Tutorial

Dating Tree Sequences

To illustrate the typical use case of tsdate’s Python API, we will first create sample data with msprime and infer a tree sequence from this data using tsinfer. We will then run tsdate on the inferred tree sequence.

Let’s start by creating some sample data with msprime using human-like parameters.

import msprime

sample_ts = msprime.simulate(sample_size=10, Ne=10000,
                                        length=1e4,
                                        mutation_rate=1e-8,
                                        recombination_rate=1e-8,
                                        random_seed=2)
print(sample_ts.num_trees,
      sample_ts.num_nodes)

The output of this code is:

12 29

We take this simulated tree sequence and turn it into a tsinfer SampleData object as documented here, and then infer a tree sequence from the data

import tsinfer

sample_data = tsinfer.SampleData.from_tree_sequence(sample_ts)
inferred_ts = tsinfer.infer(sample_data)

Note

tsdate works best with simplified tree sequences (tsinfer’s documentation provides) details on how to simplify an inferred tree sequence. This should not be an issue when working with tree sequences simulated using msprime.

Next, we run tsdate to estimate the ages of nodes and mutations in the inferred tree sequence:

import tsdate
dated_ts = tsdate.date(inferred_ts, Ne=10000, mutation_rate=1e-8)

All we need to run tsdate (with its default parameters) is the inferred tree sequence object, the estimated effective population size, and estimated mutation rate. Here we have provided a human mutation rate per base pair per generation, so the nodes dates in the resulting tree sequence should be interpreted as generations.

Specifying a Prior

The above example shows the basic use of tsdate, using default parameters. The software has parameters the user can access through the tsdate.build_prior_grid() function which may affect the runtime and accuracy of the algorithm.

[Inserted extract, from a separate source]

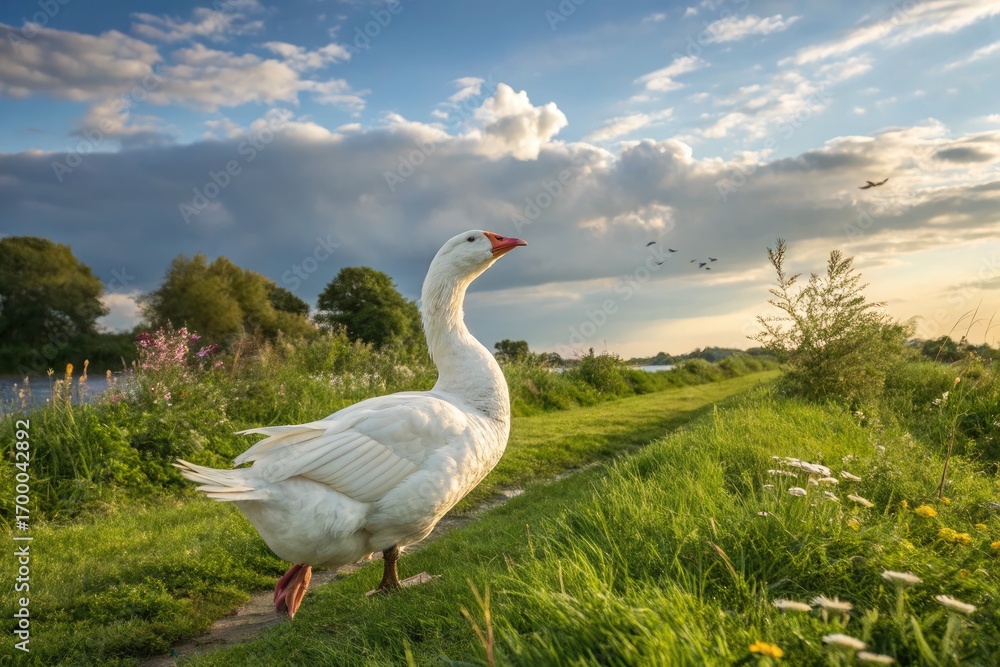 Obraz premium Majestic White Goose Walking Along a Tranquil Riverside at Sunset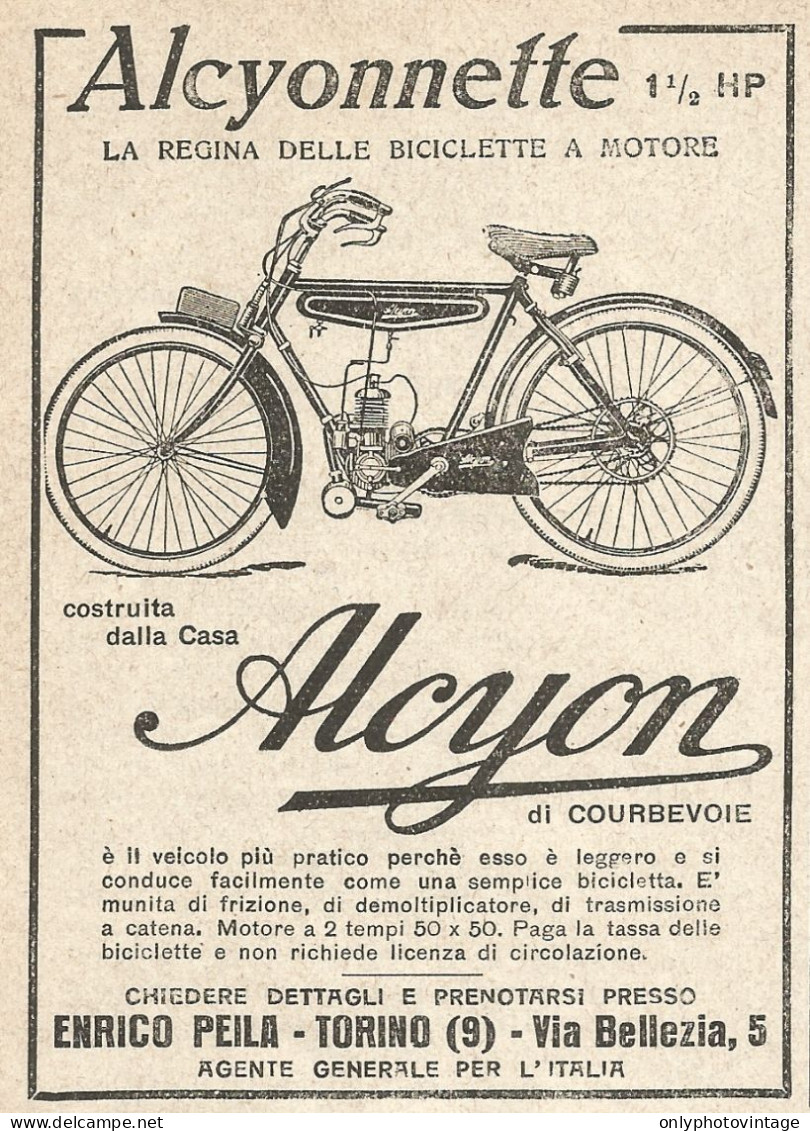 ALCYONNETTE La Regina Delle Bici A Motore - Pubblicità Del 1923 - Advert - Pubblicitari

Inside Outside vs Maximization

One of the most important parameters to consider is whether tsdate should use the inside-outside or the maximization algorithms to perform inference. A detailed description of the algorithms will be presented in our preprint, but from the users perspective, the inside-outside approach performs better empirically but has issues with numerical stability, while the maximization approach is slightly less accurate empirically, but is numerically stable.

Command Line Interface Example

tsdate also offers a convenient command line interface (CLI) for accessing the core functionality of the algorithm.

For a simple example of CLI, we’ll first save the inferred tree sequence we created in the section above as a file.

import tskit

inferred_ts.dump("inferred_ts.trees")

Now we use the CLI to again date the inferred tree sequence and output the resulting dated tree sequence to dated_ts.trees file:

$ tsdate date inferred_ts.trees dated_ts.trees 10000 1e-8 --progress

The first two arguments are the input and output tree sequence file names, the third is the estimated effective population size, and the fourth is the estimated mutation rate. We also add the --progress option to keep track of tsdate’s progress.

Troubleshooting tsdate

If numerical stability issues are encountered when attempting to date tree sequences using the Inside-Outside algorithm, it may be necessary to remove large sections of the tree which do not have any variable sites using tsdate.preprocess_ts() method.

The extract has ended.